• [Assigned task]
Output the data unchanged and complete, minus the images.

══ Data extract

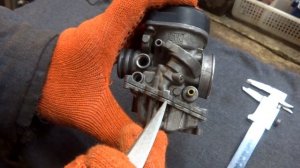 Уровень топлива в поплавковой камере карбюратора скутера CVK 139QMB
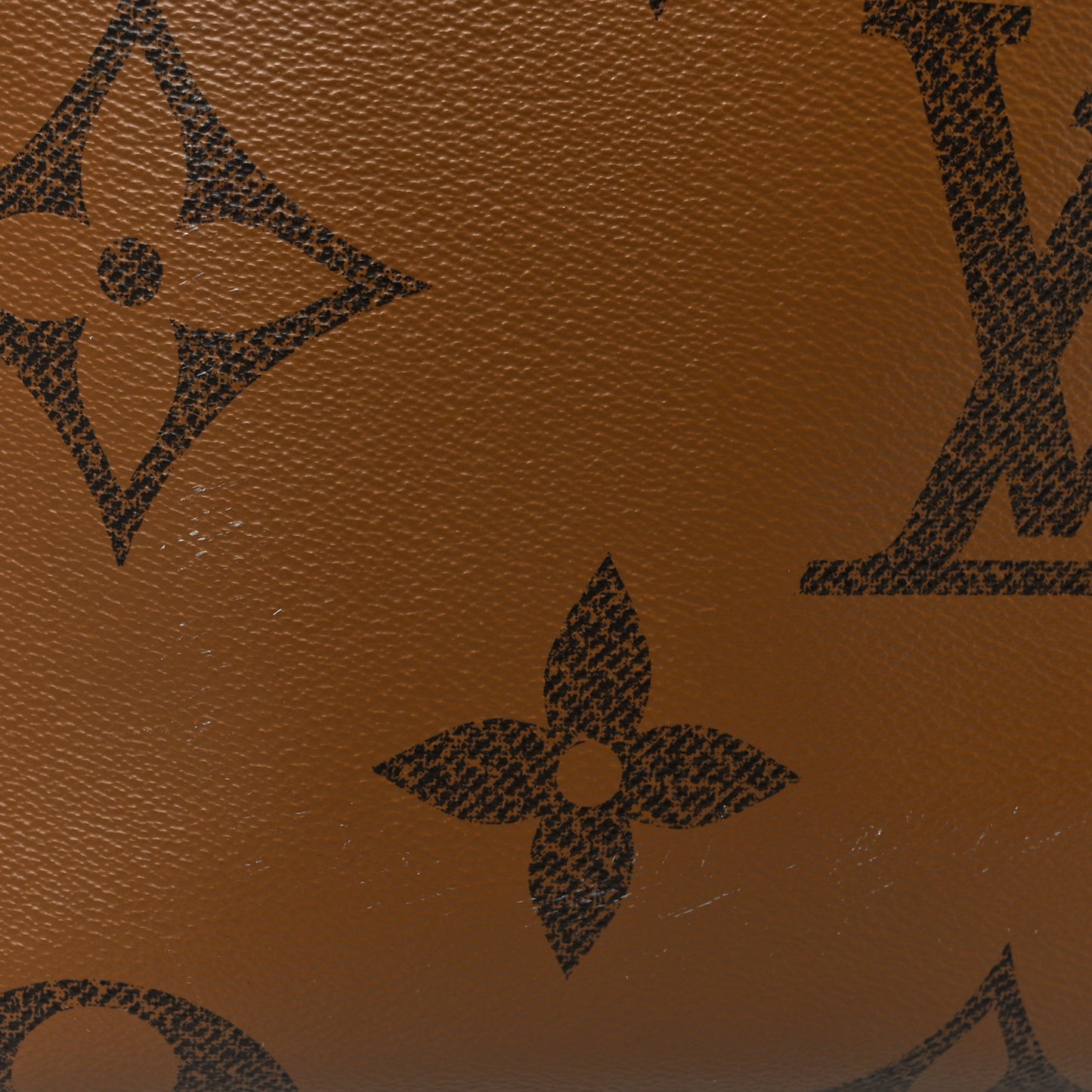 Reverse Monogram Giant Onthego GM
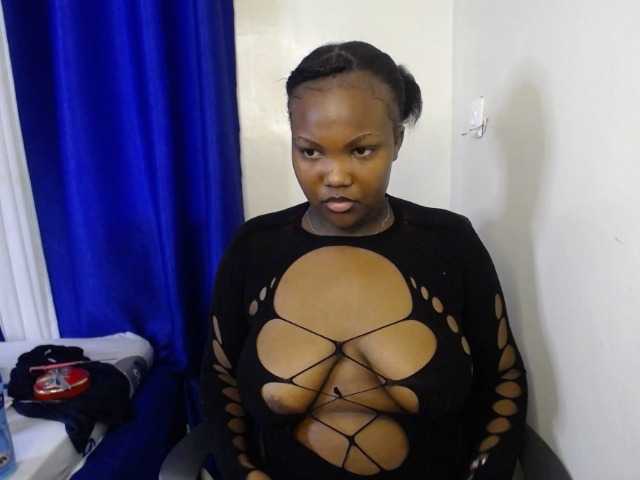 KittyKissess02 live cam on BongaCams
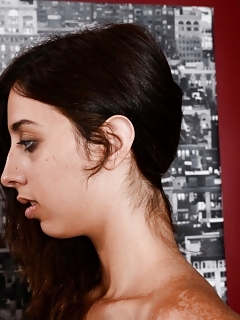 Lola Free Pic Of Hairy Pale White Girls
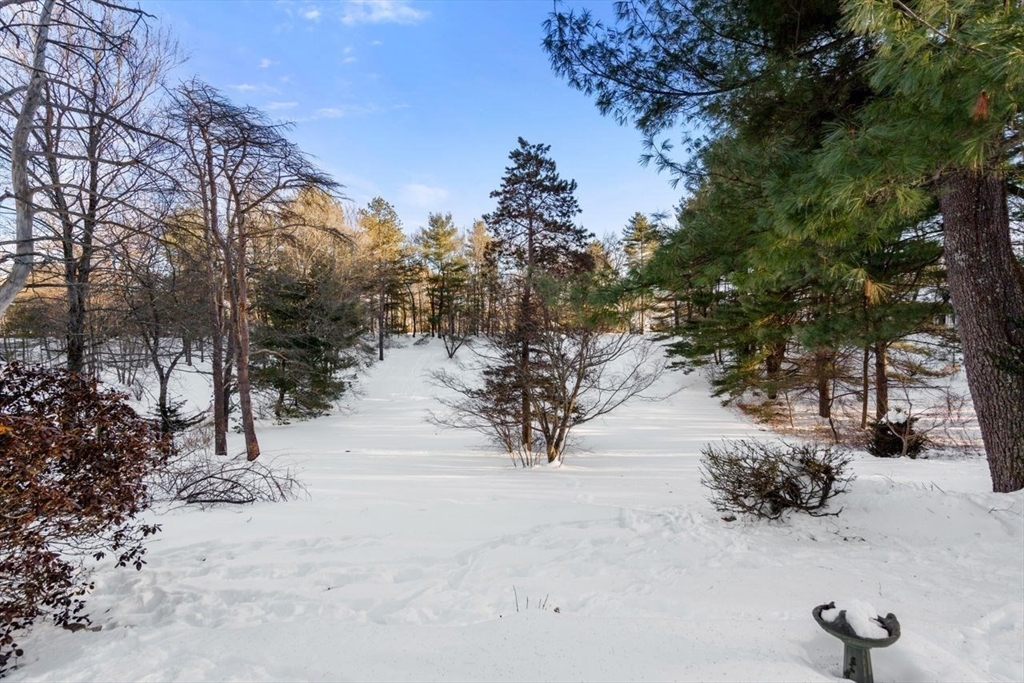 18 Seneca Dr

════

• [Solution to this task]
 Уровень топлива в поплавковой камере карбюратора скутера CVK 139QMB
 Reverse Monogram Giant Onthego GM
 KittyKissess02 live cam on BongaCams
 Lola Free Pic Of Hairy Pale White Girls
 18 Seneca Dr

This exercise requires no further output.